Every record below, from first to last, should be copied exactly; leave the pictures out.

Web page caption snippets
....................

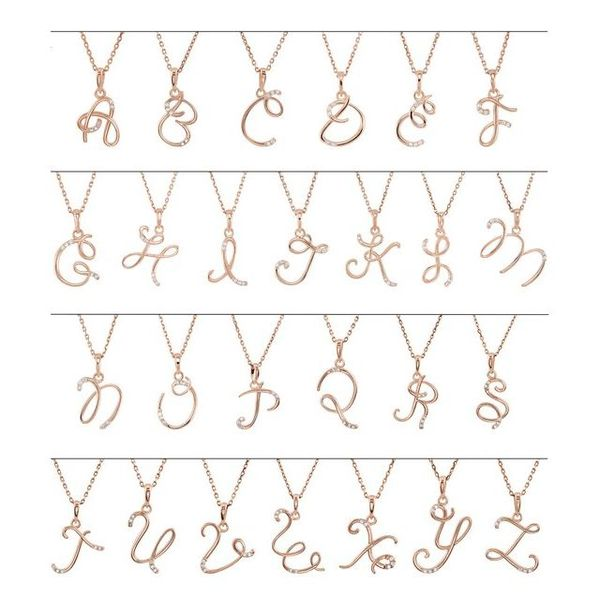 Initial Charms - Jewelry Designs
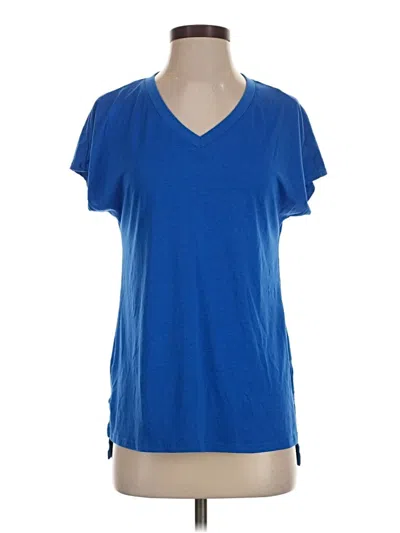 Pre-owned Miholl Active T-shirt In Blue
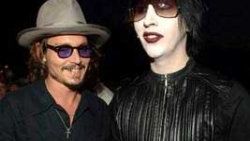 Depp ve Manson düet yapacak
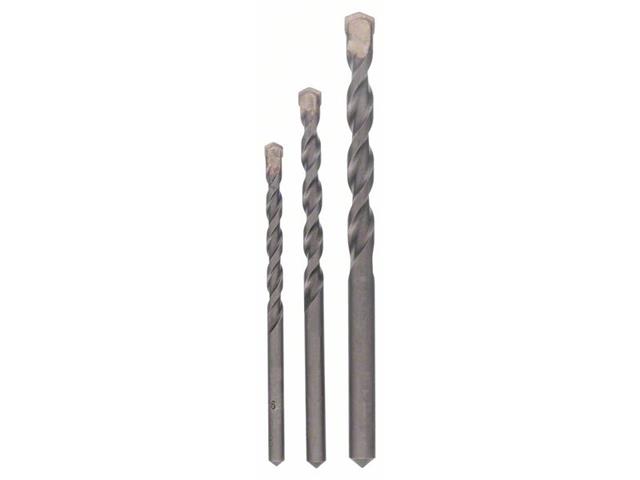 3-delni komplet svedrov za beton CYL-3 5; 6; 8 mm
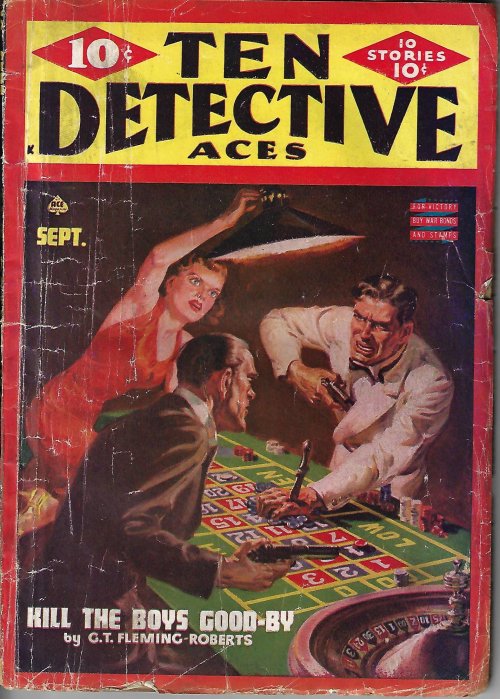 Image for TEN DETECTIVE ACES: September, Sept. 1944 TEN DETECTIVE ACES: September, Sept. 1944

....................

> [RESULT BELOW]
 Initial Charms - Jewelry Designs
 Pre-owned Miholl Active T-shirt In Blue
 Depp ve Manson düet yapacak
 3-delni komplet svedrov za beton CYL-3 5; 6; 8 mm
 Image for TEN DETECTIVE ACES: September, Sept. 1944 TEN DETECTIVE ACES: September, Sept. 1944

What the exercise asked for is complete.